Friends of the Smokies

* Find and fill a donation box. Voluntary donations are a key funding source for the Friends, and the easy-to-find boxes are located at many spots. Drop in a $20, or more, and call it the park entrance fee you didn’t have to pay.

* Become a Friend of the Smokies. Research shows that Great Smoky Mountains National Park is the nation’s number one park in generating economic impact, jobs, and income for area communities. Pay it forward! Join the Friends and enjoy reduced admission and other perks at local businesses (like Dollywood and Great Smoky Mountains Railroad)! Focus on our designated proceeds program and you can donate to a special project to benefit the park.

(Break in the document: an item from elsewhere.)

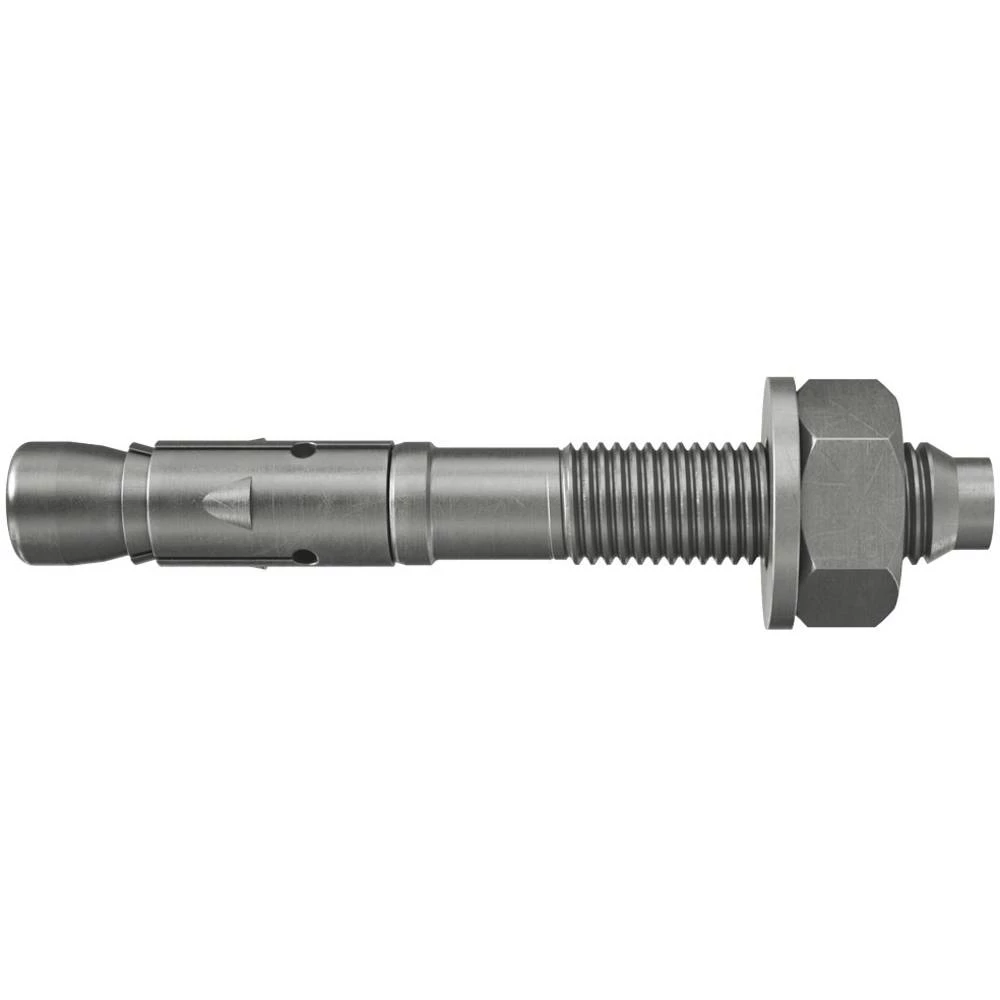 Sidreni svornjak Fischer 75 mm 6 mm 542624 50 ST slika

* Gifts in Kind. Donations of money are important, whether through stocks and securities, a bequest from your will—or in cash. But gifts in kind are welcome too. Think about how your business can help and give the gift of goods (for fundraising events) or services (that reduce the Foundation's costs).

* Volunteer. Lend your muscles and sweat by getting involved with trail crews. It’s a great way to help the Friends help the park, and you’ll meet others equally passionate for the Smokies.

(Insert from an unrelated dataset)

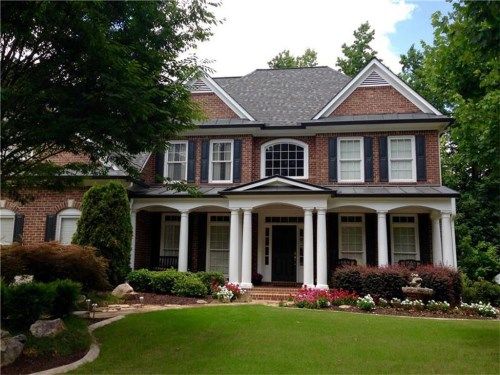 236 Cedarhurst Drive, Canton, GA 30115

Shenandoah National Park Trust

* Purchase a Shenandoah National Park license plate for your car or motorcycle.

* Check-in—at any of the classic park lodges. The lodging fee at Big Meadows Lodge, Skyland Resort, or Lewis Mountain’s historic cabins includes $1 per room per night for the Trust, unless you request to have that removed from your bill.

* Hike your way to higher impact for the park. Join the Trust and your membership includes automatic membership in the Hundred Mile Club. When you reach 25, 50, 75 and 100 miles, the Trust sends great gifts. To help you reach your hundred miles, the Trust has regularly scheduled, guided hikes and The Shenandoah Scramble on Saturday, September 22, 2012, is a hiker’s fundraising event that will bring hikers together for food and fun in Shenandoah National Park.

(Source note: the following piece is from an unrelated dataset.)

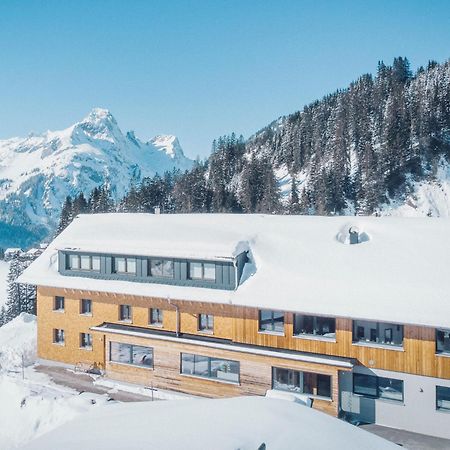 Bed and Breakfast Haus Berghof Шрёккен Экстерьер фото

* Friend the Trust on Facebook and follow on Twitter —and encourage your friends and theirs to join and support the Trust.

* Engage the Trust in a diverse range of gifting options that include cash and stocks, a gift in your will, or in memory or in honor of someone special.

Yellowstone Park Foundation

* Cash contributions of all sizes are greatly appreciated.

* Include the Foundation in your will.

* Collar a wolf. For $2,500 or $5,000 you can put a VHF or GPS collar on one of the park’s wolves for tracking. For $50, you can help contribute to the purchase of a VHF or GPS collar.

* Join the 1872 Society. With annual giving of $1,000 or more your donation can make a long-running difference.

* Adopt some park wildlife. Through the Foundation’s adoption program, your dollars go towards wildlife research, and you get a plush animal in return.

These are just a few of the roughly 150 friends groups that help units of the National Park System make ends meet. Find one that supports your favorite park in the system and consider donating to them.

Comments

Thanks for pointing out the richest funds for the richest parks instead of maybe mentioning some of the friends groups for the parks that are in the most need of help and attention.


Friends of the Dunes at Great Sand Dunes National Park and Preserve in Colorado.


I'd vote for the International Mountain Bicycling Association (www.imba.com). It's helping the National Park Service expand its base of support to the millions of people who like to ride bicycles on trails—a quiet way to visit the national parks with almost no environmental impact.


C&O Canal Trust at Chesapeake & Ohio Canal National Historical Park, 185 miles long from Washington, D.C. to Cumberland, Maryland.